Private foundations are sometimes criticized for limiting their grantmaking to 5% of their investment assets, generally the minimum required under the applicable minimum distribution law. Public charities, including (for now) the funds they hold that fall within the definition of a donor-advised fund (DAF), are not subject to any minimum grantmaking requirements.

Whether a community foundation or private foundation can grant more than the 5% minimum amount depends in part on what portion of those investment assets are held in an endowment fund. An endowment fund is a donor-restricted fund that, under the terms of a gift instrument, is not wholly expendable by the institution (whether a private foundation or public charity) on a current basis. Further, an endowment fund is subject to spending restrictions under UPMIFA, the law in 49 states and DC. In California, granting more than 7% of the fair market value of an endowment fund is presumptively imprudent and can result in fines or penalties to the institution and/or its board members and managers. See California UPMIFA.

A fund referred to by the institution as an endowment fund may not fall within the legal definition of an endowment fund if the spending limitation is not imposed by the donor and is instead self-imposed by the board. Such a fund is often called a quasi-endowment, and, generally, the applicable spending restriction may be amended or removed by the board at any time.

For advocates who call on private foundations to increase their grantmaking, awareness and consideration of these laws will make their arguments more informed and persuasive. And if they call for change to the spending laws, they should first consider how that will impact donations and the relative pros and cons for such change.

2. Who can be a grantee? Can grantmakers fund for-profits?

Grantmakers can make grants to different types of organizations, including for-profits and foreign organizations, but such grants must be used to advance one or more 501(c)(3) purposes (e.g., charitable, educational, religious, scientific) and comply with additional requirements, including those described below.

3. What restrictions apply to grantmaking?

Grants must not be used in a manner that would be contrary to the requirements under Internal Revenue Code Section 501(c)(3). For example, a grantee could not lawfully use grant funds to support or oppose a candidate for public office or to convey a prohibited private benefit to any person or entity.

Private foundation grantmakers are subject to additional laws regarding their grantmaking. Very generally speaking, a private foundation can only make a grant to an entity that is not classified as a domestic public charity if it meets a series of requirements referred to in the law as expenditure responsibility.
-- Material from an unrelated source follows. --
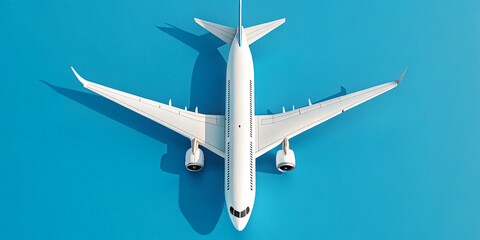 Naklejka premium Top-down view of a modern commercial airplane on a solid blue background. The minimalistic composition highlights the aircraft's design and symmetry, symbolizing air travel, aviation technology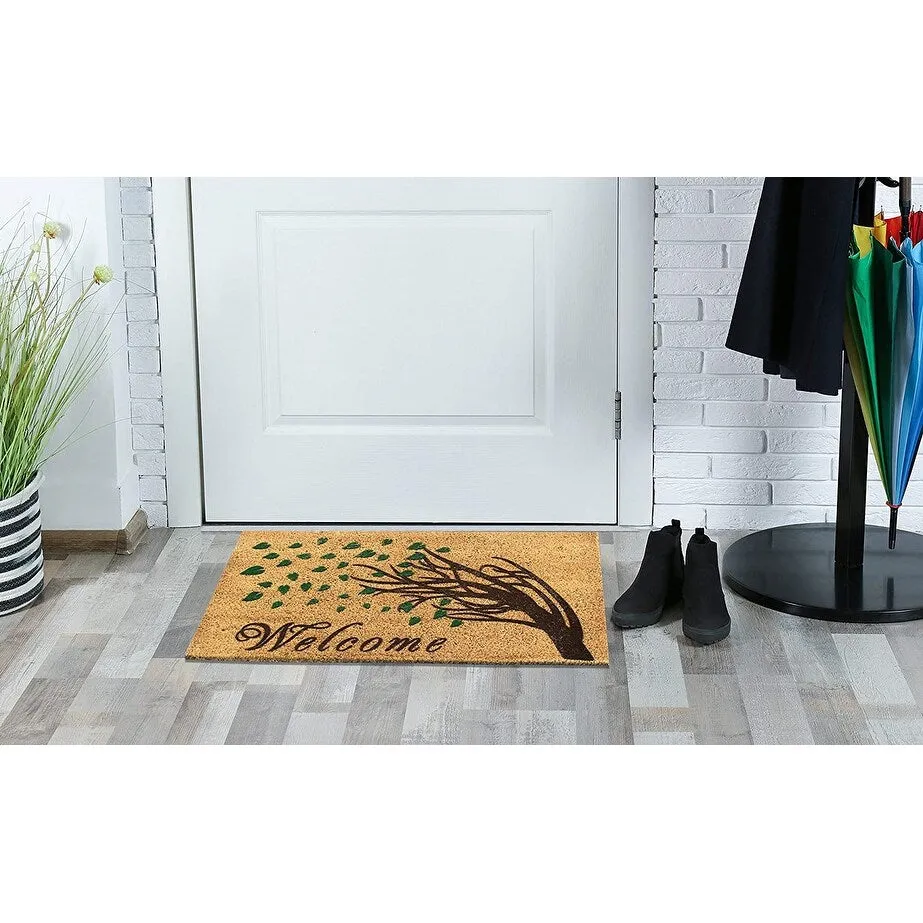 First Impression Welcome Tree Fade Resistant Flocked Doormat 18 X 30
If the grantee is a foreign nongovernmental organization (NGO), a private foundation is permitted to substitute an equivalence determination in lieu of exercising expenditure responsibility.

Public charity grantmakers are not subject to the expenditure responsibility requirements. However, fiduciaries of a public charity may use expenditure responsibility requirements as guidance in observing their fiduciary duties when approving grants to be made to entities other than 501(c)(3) organizations, including for-profits (exclusively for exempt purposes) and foreign NGOs.
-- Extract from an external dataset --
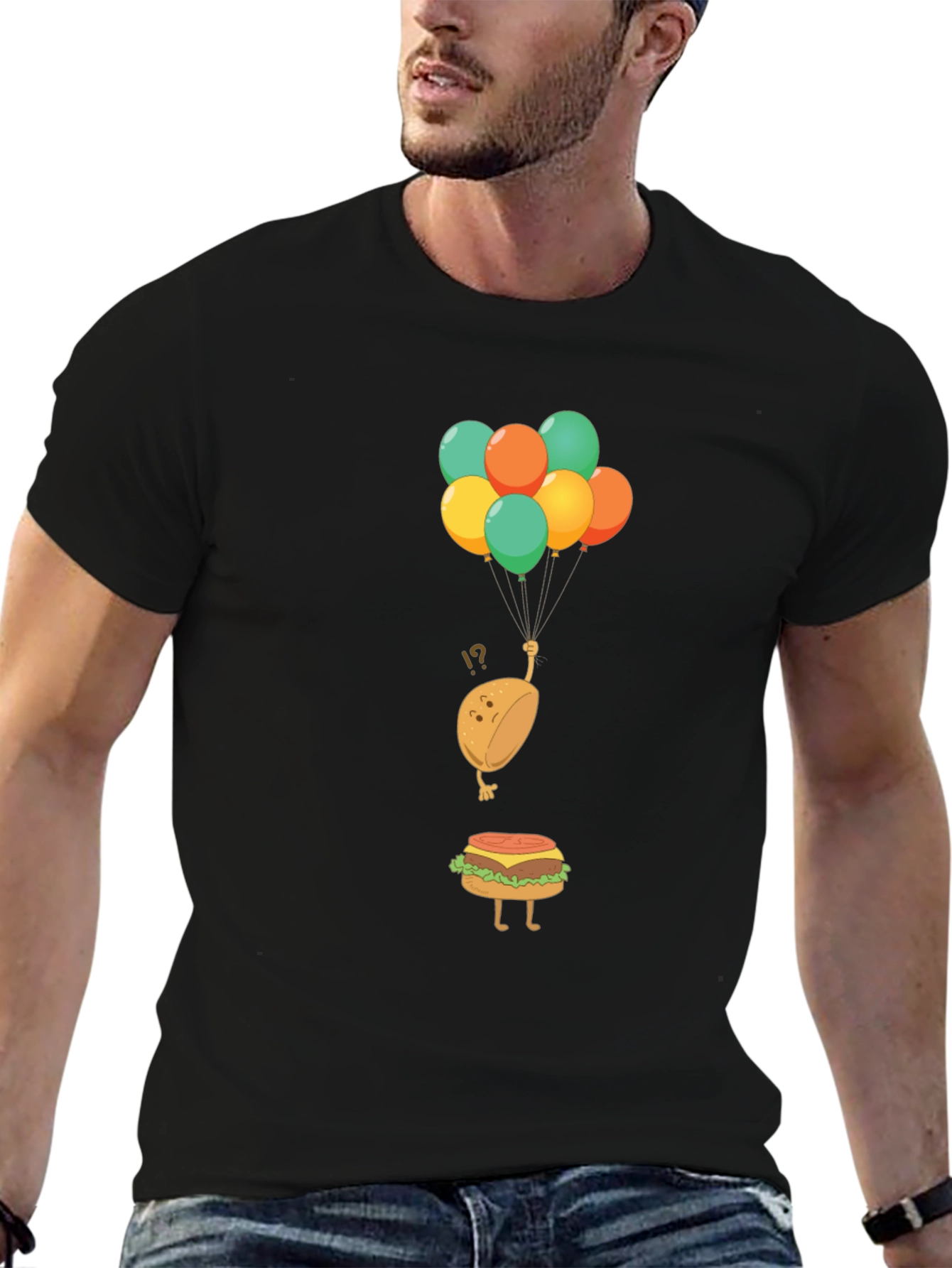 Funny Burger Bun Balloons T-Shirt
Unlike a private foundation, a public charity may make grants to support a grantee’s lobbying activities so long as the public charity’s total lobbying activities (including its funding of lobbying by other organizations) remain insubstantial under the applicable lobbying test. In contrast, A private foundation cannot make a grant to specifically fund a grantee’s lobbying activities (but see below for how a private foundation can otherwise fund and support a grantee’s advocacy activities).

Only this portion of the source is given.